The chapter's commentary offers a profound Mariological and Christological reflection: "The Theotokos, however, is even more exalted because she who bore Christ in her womb is the very throne of God incarnate! Thus, the more we honor her, the more we are honoring Christ."
This is the Orthodox theological logic of Marian veneration in its purest form. The Theotokos (literally "God-bearer" or "Birth-giver of God") is not honored for her own sake independently of Christ but precisely because she is the one through whom God took flesh. Her exaltation above the Cherubim and Seraphim — expressed in the refrain "More honorable than the Cherubim, and beyond compare more glorious than the Seraphim; who without corruption gavest birth to God the Word, the very Theotokos, thee do we magnify" — is entirely referential to Christ. She is more exalted than the highest angelic orders because she bore in her body what angels can only surround and serve.
The icon of the Theotokos (Platytera tōn Ouranōn — "More Spacious than the Heavens") depicted in the apse of most Orthodox churches expresses this theologically.
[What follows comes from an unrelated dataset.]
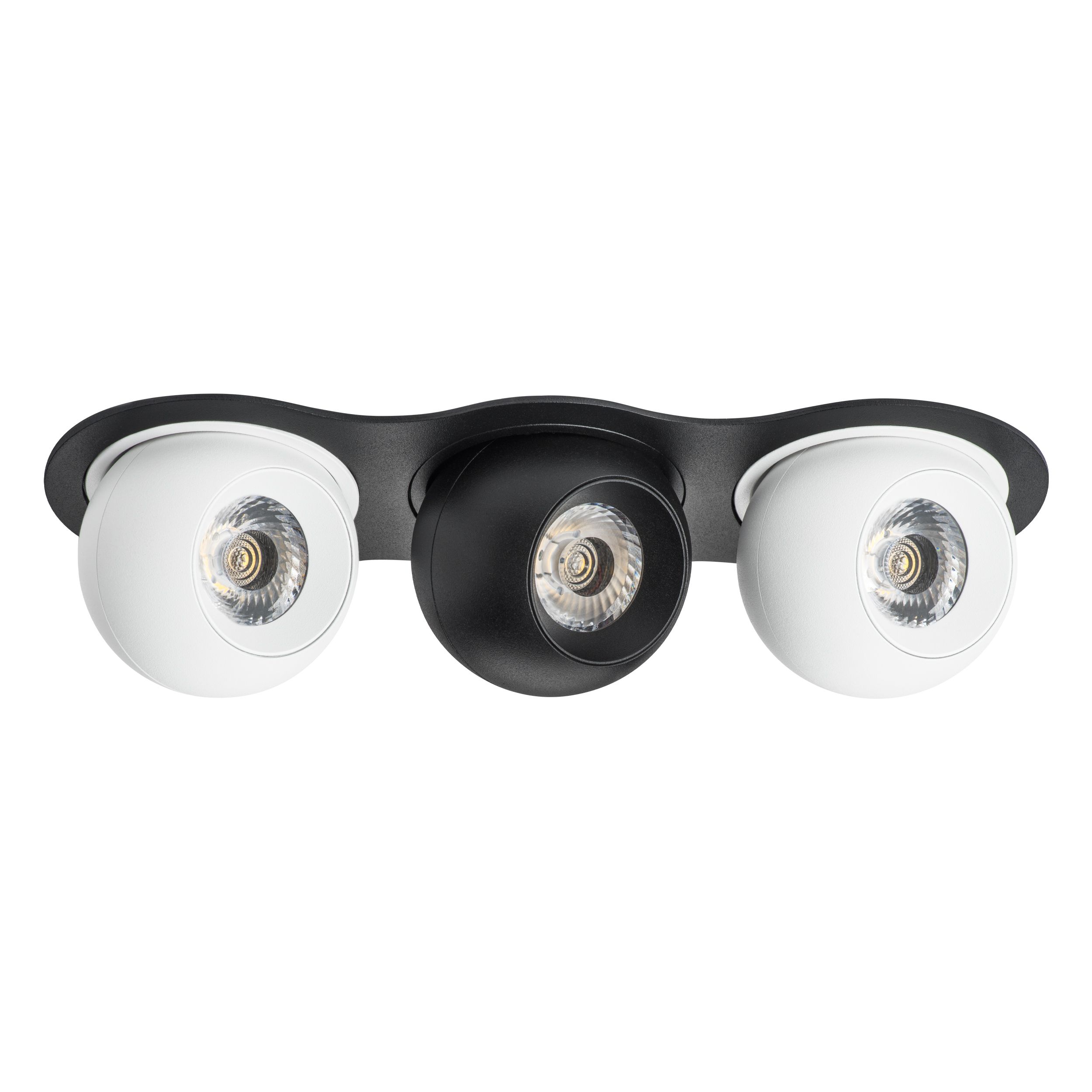 Встраиваемый спот Lightstar Intero i637627262_LS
She is depicted with God incarnate in her womb — not as a symbol of her personal greatness but as a declaration that the Incarnation actually happened, in a real body, carried by a real woman, who is now honored forever because of it.
Argument Development
The placement of the Song of the Theotokos within the ninth ode of the Canon is the culmination of the Canon's theological movement. The earlier odes meditated on divine acts of salvation in Israel's history — the crossing of the Red Sea, the entry into the Promised Land, the prophetic proclamations. The ninth ode brings all of this to its fulfillment: the God who parted the Red Sea, who fed Israel in the wilderness, who spoke through the prophets, has now taken flesh of a virgin woman and been born into the world. All the previous acts of salvation were preparations for this.
Sub-Point A
The Theotokos as "throne of God incarnate" represents one of the most important Christological titles. The imagery of the divine throne appears throughout Old Testament worship — the Ark of the Covenant, the Holy of Holies, the cherubim. In the Theotokos, this imagery is fulfilled in a human being: she who carried God in her womb is more truly a "throne" than any inanimate object or angelic being, because she bore Him in love and gave Him flesh.
Sub-Point B
The canonical form of the nine odes demonstrates that Orthodox Christian worship is not invented but received. It is rooted in Scripture — in the actual words of Moses, Deborah, Hannah, Isaiah, and Mary. The hymnographic tradition that grew up around these odes is not a departure from Scripture but a meditation upon it, an unpacking of the theological riches contained in these ancient songs.
Analogy
The Song of the Theotokos surviving in the Canon while the other eight odes receded is like the keystone remaining after the scaffolding is removed. The nine odes were the scaffolding by which the Canon was built; the Magnificat is the keystone — the point at which all the arches of Old Testament hope meet and hold together in the one act of the Incarnation.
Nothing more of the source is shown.